Problem to work on: Pictures must be dropped from the copy of the entries below; all else is returned exactly.
Task data section start
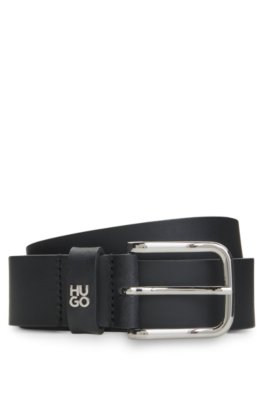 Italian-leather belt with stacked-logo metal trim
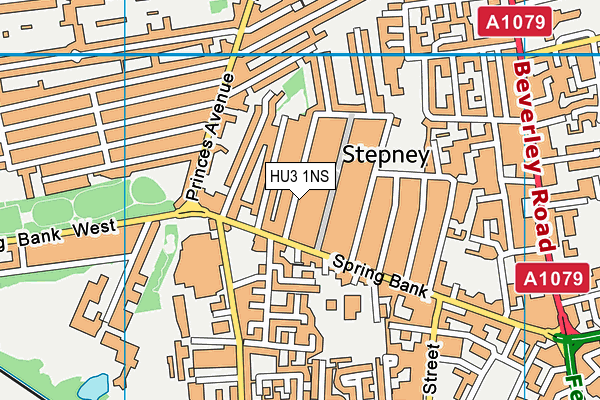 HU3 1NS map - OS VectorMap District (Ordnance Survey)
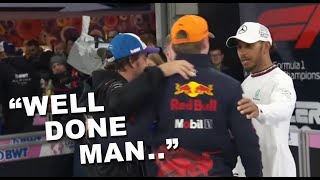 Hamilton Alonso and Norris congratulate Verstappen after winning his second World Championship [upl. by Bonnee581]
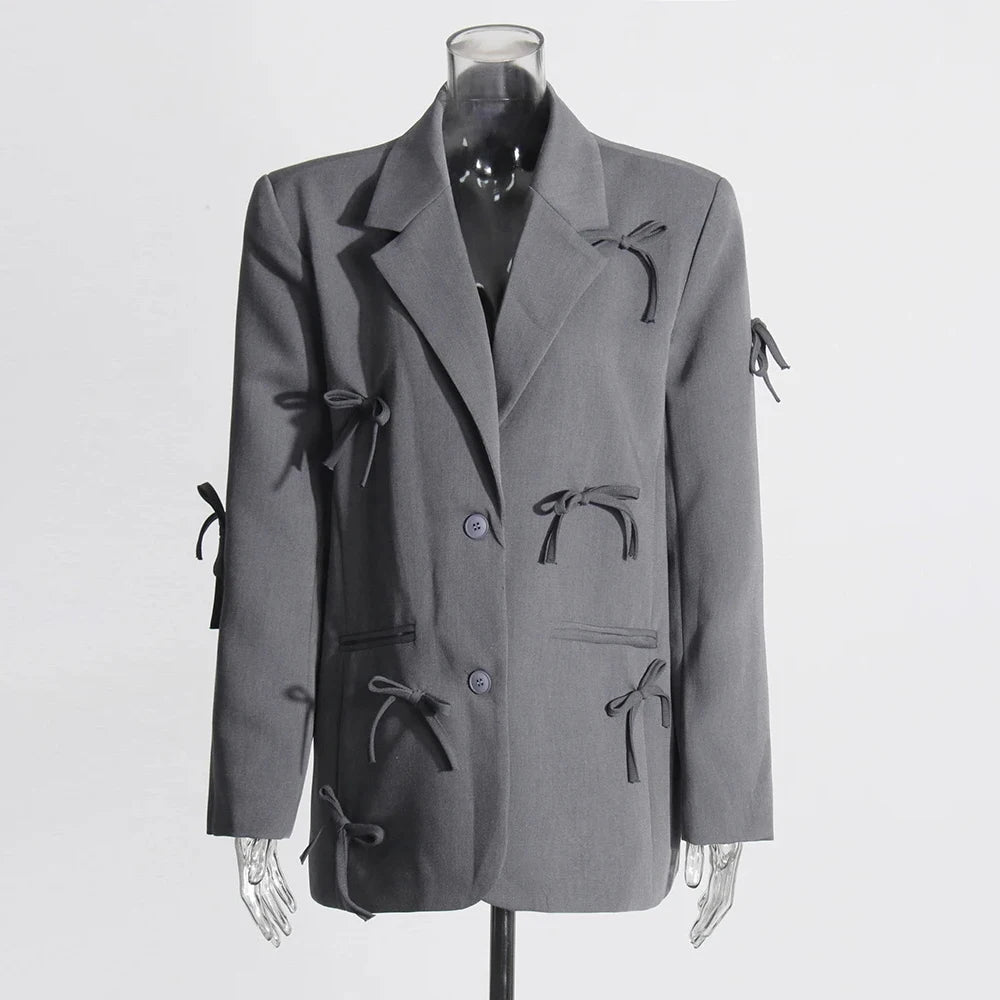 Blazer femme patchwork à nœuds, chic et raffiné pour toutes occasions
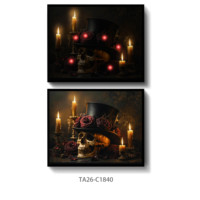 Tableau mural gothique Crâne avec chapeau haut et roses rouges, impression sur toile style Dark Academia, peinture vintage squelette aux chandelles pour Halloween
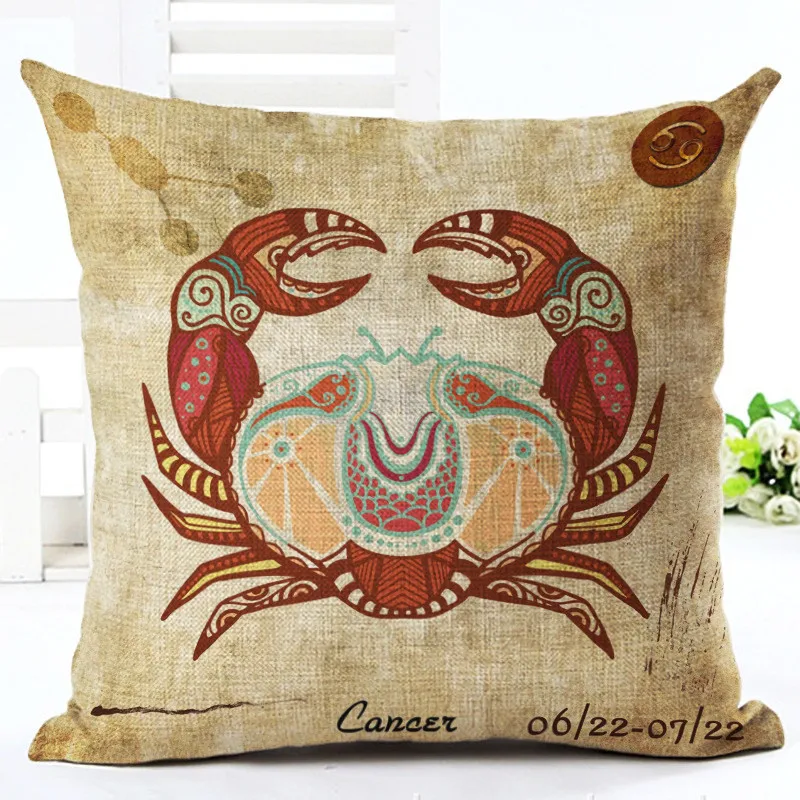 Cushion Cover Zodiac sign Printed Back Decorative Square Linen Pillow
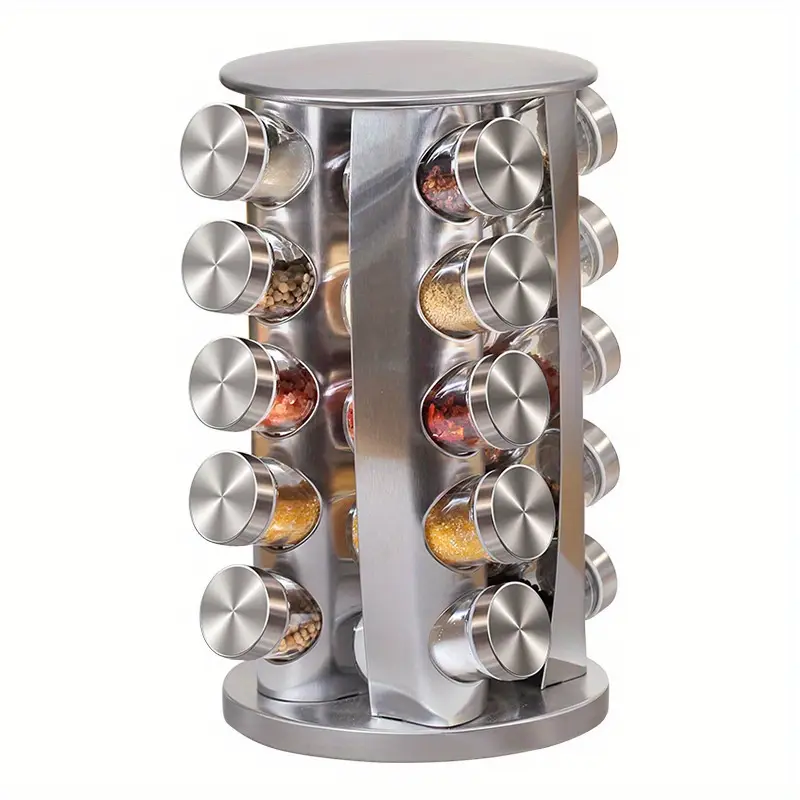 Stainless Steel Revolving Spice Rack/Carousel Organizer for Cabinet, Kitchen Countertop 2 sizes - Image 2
Task data section end
Answer below:
 Italian-leather belt with stacked-logo metal trim
 HU3 1NS map - OS VectorMap District (Ordnance Survey)
 Hamilton Alonso and Norris congratulate Verstappen after winning his second World Championship [upl. by Bonnee581]
 Blazer femme patchwork à nœuds, chic et raffiné pour toutes occasions
 Tableau mural gothique Crâne avec chapeau haut et roses rouges, impression sur toile style Dark Academia, peinture vintage squelette aux chandelles pour Halloween
 Cushion Cover Zodiac sign Printed Back Decorative Square Linen Pillow
 Stainless Steel Revolving Spice Rack/Carousel Organizer for Cabinet, Kitchen Countertop 2 sizes - Image 2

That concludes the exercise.